* _What is being asked_: Output the records that follow, with every character intact.

* _Supplied material_:

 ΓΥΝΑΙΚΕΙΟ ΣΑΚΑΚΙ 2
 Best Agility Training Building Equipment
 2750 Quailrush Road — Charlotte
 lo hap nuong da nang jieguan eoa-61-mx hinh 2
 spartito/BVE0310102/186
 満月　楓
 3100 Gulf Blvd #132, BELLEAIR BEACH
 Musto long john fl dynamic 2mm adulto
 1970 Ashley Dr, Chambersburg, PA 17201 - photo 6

* _Written answer_:
 ΓΥΝΑΙΚΕΙΟ ΣΑΚΑΚΙ 2
 Best Agility Training Building Equipment
 2750 Quailrush Road — Charlotte
 lo hap nuong da nang jieguan eoa-61-mx hinh 2
 spartito/BVE0310102/186
 満月　楓
 3100 Gulf Blvd #132, BELLEAIR BEACH
 Musto long john fl dynamic 2mm adulto
 1970 Ashley Dr, Chambersburg, PA 17201 - photo 6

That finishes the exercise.